If Mr. Carter were offering hype, Army vs. Navy would be the athletic equivalent of war, infinitely more intense than anything civilians could possibly imagine, what Redskin-Cowboy games might be like when they get some tradition. You have to be there to understand, said Welsh.

And Welsh has been there, as player and coach, 11 times.

"You tend only to remember the losses," he said, "and they stay with you for a long time, they really do. Last year (after Army won for the first time in five years, 17-14), we played the game over as a staff for a couple of months.

"And the players remember (one calling the postgame feeling 'lower than low'). Or I hope so."
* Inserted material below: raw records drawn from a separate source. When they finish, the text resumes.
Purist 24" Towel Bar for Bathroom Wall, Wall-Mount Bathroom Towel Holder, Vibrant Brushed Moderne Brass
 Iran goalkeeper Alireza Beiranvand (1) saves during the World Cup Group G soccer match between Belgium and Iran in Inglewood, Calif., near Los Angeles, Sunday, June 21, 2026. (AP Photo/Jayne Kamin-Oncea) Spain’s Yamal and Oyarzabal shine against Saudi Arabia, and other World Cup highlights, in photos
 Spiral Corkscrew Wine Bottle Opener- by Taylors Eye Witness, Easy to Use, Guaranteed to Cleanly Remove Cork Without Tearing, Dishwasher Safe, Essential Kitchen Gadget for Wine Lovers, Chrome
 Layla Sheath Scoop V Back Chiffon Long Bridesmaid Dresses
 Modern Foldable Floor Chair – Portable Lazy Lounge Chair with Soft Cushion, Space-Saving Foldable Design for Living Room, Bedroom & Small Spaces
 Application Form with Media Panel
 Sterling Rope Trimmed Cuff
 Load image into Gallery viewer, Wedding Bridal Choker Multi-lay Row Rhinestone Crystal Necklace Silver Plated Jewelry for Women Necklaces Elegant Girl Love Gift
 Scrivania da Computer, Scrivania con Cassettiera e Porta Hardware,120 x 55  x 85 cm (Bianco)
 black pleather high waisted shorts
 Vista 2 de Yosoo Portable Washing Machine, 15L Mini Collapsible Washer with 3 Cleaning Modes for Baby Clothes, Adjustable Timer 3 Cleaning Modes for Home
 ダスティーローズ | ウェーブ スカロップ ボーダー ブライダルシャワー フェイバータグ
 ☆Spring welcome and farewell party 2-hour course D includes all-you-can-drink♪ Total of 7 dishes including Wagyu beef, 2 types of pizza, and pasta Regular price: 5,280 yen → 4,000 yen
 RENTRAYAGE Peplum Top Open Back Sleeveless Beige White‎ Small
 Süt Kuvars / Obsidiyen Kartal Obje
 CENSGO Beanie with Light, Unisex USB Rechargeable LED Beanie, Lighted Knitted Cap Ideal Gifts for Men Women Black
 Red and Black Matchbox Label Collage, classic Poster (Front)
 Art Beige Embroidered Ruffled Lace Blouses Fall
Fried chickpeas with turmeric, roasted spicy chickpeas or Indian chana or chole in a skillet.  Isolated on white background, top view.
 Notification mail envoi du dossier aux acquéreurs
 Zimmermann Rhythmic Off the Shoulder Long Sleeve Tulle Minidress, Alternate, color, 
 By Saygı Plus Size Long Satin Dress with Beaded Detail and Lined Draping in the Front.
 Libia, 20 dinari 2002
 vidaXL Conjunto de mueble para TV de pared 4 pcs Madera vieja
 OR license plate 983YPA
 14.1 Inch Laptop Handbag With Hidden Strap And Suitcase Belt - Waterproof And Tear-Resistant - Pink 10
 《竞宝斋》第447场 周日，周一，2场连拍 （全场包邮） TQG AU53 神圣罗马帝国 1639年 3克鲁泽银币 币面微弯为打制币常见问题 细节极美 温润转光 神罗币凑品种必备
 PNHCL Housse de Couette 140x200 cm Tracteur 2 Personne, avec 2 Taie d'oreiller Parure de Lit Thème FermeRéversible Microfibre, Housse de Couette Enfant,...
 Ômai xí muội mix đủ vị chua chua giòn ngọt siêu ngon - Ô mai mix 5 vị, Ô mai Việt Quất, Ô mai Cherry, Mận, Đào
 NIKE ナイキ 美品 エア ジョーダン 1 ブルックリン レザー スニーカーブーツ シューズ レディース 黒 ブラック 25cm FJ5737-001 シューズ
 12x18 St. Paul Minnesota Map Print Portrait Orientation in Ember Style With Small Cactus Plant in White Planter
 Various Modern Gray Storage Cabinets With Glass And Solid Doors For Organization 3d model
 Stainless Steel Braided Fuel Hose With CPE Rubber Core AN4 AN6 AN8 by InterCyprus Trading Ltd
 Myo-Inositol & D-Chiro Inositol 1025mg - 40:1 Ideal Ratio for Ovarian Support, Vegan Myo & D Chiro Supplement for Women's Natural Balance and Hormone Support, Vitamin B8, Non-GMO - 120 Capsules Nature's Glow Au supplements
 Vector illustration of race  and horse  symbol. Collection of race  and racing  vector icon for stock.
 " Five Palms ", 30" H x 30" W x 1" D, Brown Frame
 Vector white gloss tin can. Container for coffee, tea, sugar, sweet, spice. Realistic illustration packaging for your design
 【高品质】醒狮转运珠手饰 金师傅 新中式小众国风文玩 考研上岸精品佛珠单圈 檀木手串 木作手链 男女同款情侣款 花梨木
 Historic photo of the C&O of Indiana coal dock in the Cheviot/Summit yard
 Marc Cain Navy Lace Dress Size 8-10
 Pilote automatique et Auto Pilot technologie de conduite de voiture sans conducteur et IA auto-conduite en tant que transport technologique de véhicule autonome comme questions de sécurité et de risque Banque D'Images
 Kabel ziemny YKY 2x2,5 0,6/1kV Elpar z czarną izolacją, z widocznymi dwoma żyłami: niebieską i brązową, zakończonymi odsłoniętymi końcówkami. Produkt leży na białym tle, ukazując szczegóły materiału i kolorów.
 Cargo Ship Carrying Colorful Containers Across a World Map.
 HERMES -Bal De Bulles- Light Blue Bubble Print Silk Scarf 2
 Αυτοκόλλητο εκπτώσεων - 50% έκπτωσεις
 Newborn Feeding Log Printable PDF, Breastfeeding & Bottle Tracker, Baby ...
Unlike so many coaches, Welsh is a master of retroactive candor, although he also offers more honest pregame opinions than the fraternity usually allows. Of the mood before last season's game, he said: "Give Army credit, but we were ready too early -- and too cocky. I heard some players saying there was no way Army could beat us.

"Which is ridiculous. There's always a way you can lose."

Which is why Welsh frets much more as a coach than as a player, even though as Navy quarterback he lost three times to Army and as Navy coach he has won four of five.

"Even in '75, when we had much better personnel than Army (and won by 24 points), I still worried. But we felt we had better teams the first three years, superior personnel, that we had to play a bad game or crazy things had to happen for us to lose.

"That hasn't been true since '76."

Knowing the goofiness that can happen in football, Welsh properly winces when anyone mentions Navy being a 10-point favorite in the mythical world of sports betting. Still, he can rein his emotions long enough to offer a decent analysis of Saturday's collision.

"They're playing better and we're not as good as we were," he said. "There's no doubt we're going backward. Injuries are part of the reason, though the execution just hasn't been as good.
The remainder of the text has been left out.